Longtemps épargnée par les catastrophes naturelles, la Belgique voit aujourd’hui son climat évoluer rapidement sous l’effet du réchauffement global. Les feux en milieu naturel, les vagues de chaleur, la sécheresse et les inondations deviennent des risques croissants, aux impacts considérables sur la société et les services d’urgence. Focus sur la province de Luxembourg et les enseignements du nouveau Centre d’analyse des risques liés au changement climatique (CERAC).

Une pression accrue sur les services de secours

Jusqu’à récemment, la Belgique n’était pas considérée comme un pays à risque en matière de feux de forêts. Pourtant, les effets combinés du réchauffement climatique – hausse des températures, sécheresses prolongées, modification des précipitations – rendent ce type d’événements de plus en plus fréquent. Avec près d’un tiers des forêts belges sur son territoire, la province de Luxembourg est particulièrement vulnérable aux feux en milieu naturel.

Le Centre de crise national (NCCN) a classé les feux en milieu naturel parmi les risques à forte probabilité. Cette évolution se traduit par une pression grandissante sur les services de secours. En France, les interventions liées au changement climatique ont bondi de 3.000 jours/homme par an (2012-2022) à plus de 56.000 en 2024. En province de Luxembourg, le nombre moyen d’interventions journalières de la Zone de Secours Luxembourg est passé de 73 à 84 entre 2022 et 2024.

Le CERAC : mieux comprendre pour mieux anticiper

Face à ces nouvelles menaces, le gouvernement belge a mis en place, en janvier 2025, le Centre d’analyse des risques liés au changement climatique (CERAC). Cette structure indépendante et interdisciplinaire a été créée à la suite des inondations de juillet 2021. Sa mission est de fournir aux décideurs politiques des analyses scientifiques solides pour mieux préparer le pays aux impacts climatiques.

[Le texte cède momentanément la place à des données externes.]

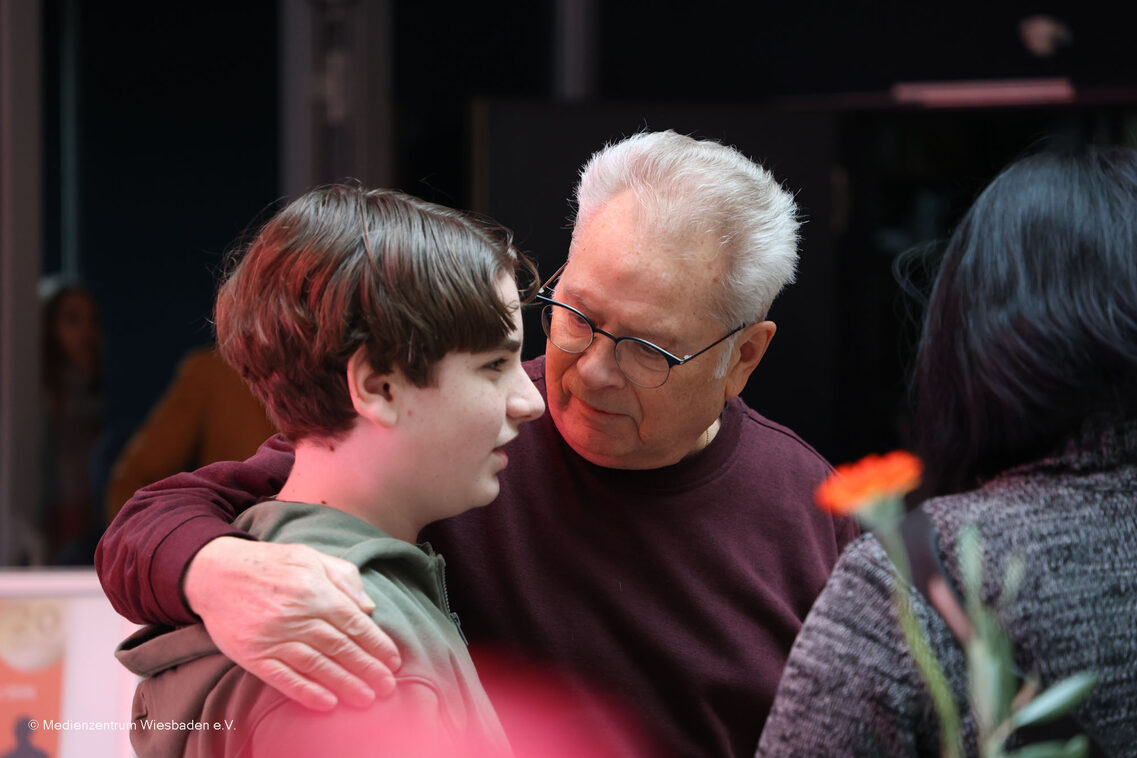 filmreif Präsentation 20 Jahre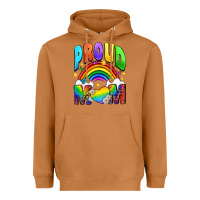 Meerkat Western Proud Mom Heavyweight Hoodie - BundleAndBundleShop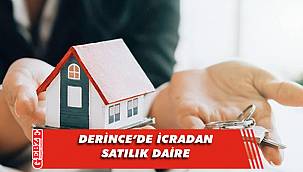 Kocaeli Derince'de 3+1 94 metrekare daire icradan satılık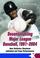 Cover of: Deconstructing Major League Baseball, 1991-2004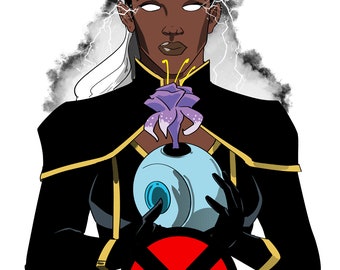 X-Men Storm "Welcome to Krakoa" Magnet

Parmi les projections et constats du CERAC :

  • Une augmentation moyenne des températures entre +2,6 et +3,5 °C d’ici la fin du siècle
  • Une accentuation de la saisonnalité des précipitations : baisse des pluies estivales, hausse des précipitations hivernales, souvent sous forme d’épisodes intenses
  • La diffusion de messages de prévention ciblés, par le biais de la Fédération, adaptés aux spécificités du secteur
  • Des vagues de chaleur beaucoup plus fréquentes et intenses : dans le scénario inchangé (RCP 8.5), le nombre de jours de canicule pourrait passer de 4 par an actuellement à plus de 50 en 2100, avec un impact renforcé en zones urbaines
  • Une élévation du niveau de la mer à la côte belge de 60 à 90 cm d’ici 2100, avec un scénario pessimiste atteignant 2 mètres
  • Un bilan hydrique estival négatif, induisant un risque accru de pénurie d’eau et de sécheresse.

Des conséquences économiques et sociales majeures

Une étude menée en 2020 par VITO, EcoRes et Kenter, à la demande de la Commission nationale Climat, a permis de chiffrer l’impact socio-économique du changement climatique en Belgique. Les résultats sont édifiants :

  • Les pertes économiques dues aux événements climatiques (chaleur extrême, sécheresse, inondations) pourraient atteindre près de 9,5 milliards d’euros par an en 2050, soit environ 2 % du PIB national
  • Les gains associés à des hivers plus doux sont estimés à environ 3 milliards d’euros par an (0,65 % du PIB), mais ne compensent pas les pertes globales
  • La mortalité estivale due aux vagues de chaleur pourrait s’élever à 950 décès par an dès 2050, et jusqu’à 1.900 à la fin du siècle
  • Les pertes de productivité du travail liées à la chaleur pourraient coûter à la Belgique entre 610 millions et 9 milliards d’euros par an, selon les années et les scénarios
  • Les rendements agricoles pourraient baisser de manière significative, jusqu’à –35 % pour certaines cultures (pommes de terre, maïs), avec une perte annuelle estimée à 606 millions d’euros pour l’ensemble du secteur agricole.

Se préparer, s’adapter, agir

Les données sont sans appel : le changement climatique transforme profondément les conditions de vie, de production et d’organisation des secours en Belgique. Il ne s’agit plus d’une menace à long terme, mais d’une réalité à laquelle il faut répondre dès aujourd’hui.

Face à cette situation, la Belgique dispose désormais d’un outil stratégique avec le CERAC. Mais au-delà de l’analyse, c’est l’ensemble des politiques publiques – sécurité civile, urbanisme, environnement, santé, économie – qui devra s’adapter, afin d’anticiper au mieux les impacts à venir.